I hope so too Sharon! Thanks for the well wishes!



Sadie said:


> Hahaha we rocked that chat room out ! Girl you are a mess that's all I am going to say  *And Bev girl you are too funny thanks for the Memo * Hope you guys got some good sleep I know I sure did LOL


Haha! Thanks Tara. Had a great time last night. No better way to spend bringin in the New Year! You're quite welcome 



American_Pit13 said:


> Lets all send Bev some New Year Snoop Dogg wishes! Next year we want cards like this Bev! You and your boy


Holly! I absolutely love it! This is my resolution for the new year.. get a house/yard and bring Snoopy home!!

I won't lie, the minute I read these comments and saw this pic, I burst into tears. I know none of us have never met in person, but I feel like I've know each and every one of you my entire life!

From the beginning, when I first joined this forum, you've all always made me feel like family, and I love that about you all, and this forum. That's what keeps me coming back the most, aside from my love for these dogs.

Aimee, if you happen to read this, THANK YOU so much for doing the leg work on this pic! I know it was Holly's idea, but without your help, it wouldn't have become reality! You ladies make a great team, and I love you and admire you both for it!

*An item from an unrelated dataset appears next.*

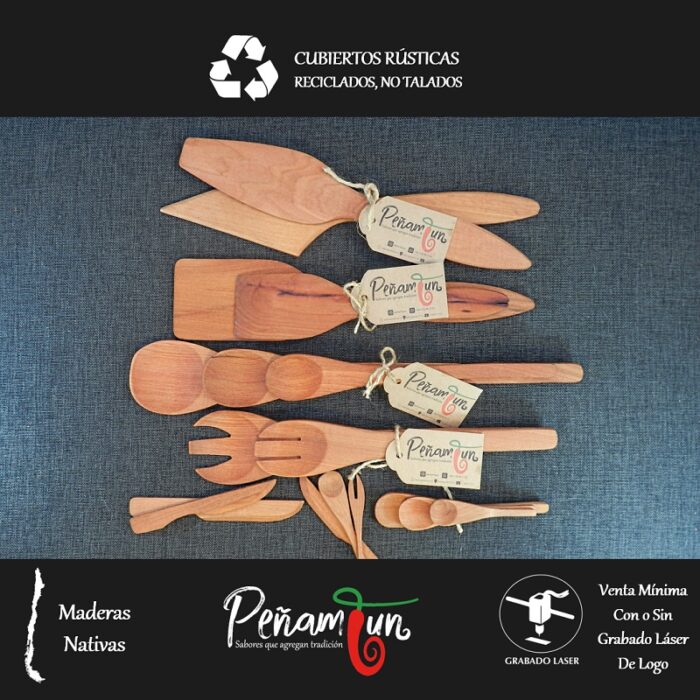 cucharas madera noble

Heck, we all make a great team! I want to print that pic out and frame it! Just warning you ahead of time, I'm wanting to use that as my new profile pic on Face Book.. are you ladies cool with that? I'll give photo credit, lol! Maybe make that my new siggy on here b/c I can't come up with anything as cool as that, lol. I love it! Totally doing the happy :woof: :woof: :woof: here! You ladies don't realize how much you just lifted my spirits with your kind words and excellent imaging design! Now, let's do like Tye would do and ((((GROUP HUG)))) lol. Love you mah!


----------



## Sadie (Jun 18, 2008)

Hey Snoop looks like he was meant to be yours  I can't wait till you get him! Hope your feeling a little better today  Your such a sweetie Bev.


----------



## MY MIKADO (Apr 7, 2006)

It brought tears to my eyes that you were that happy Bev. Yes you are family. I don't care that we have not met in person we have something better than that. I want so bad for you have your home and dog Bev I wish I could win the lottery I would set you up for sure. 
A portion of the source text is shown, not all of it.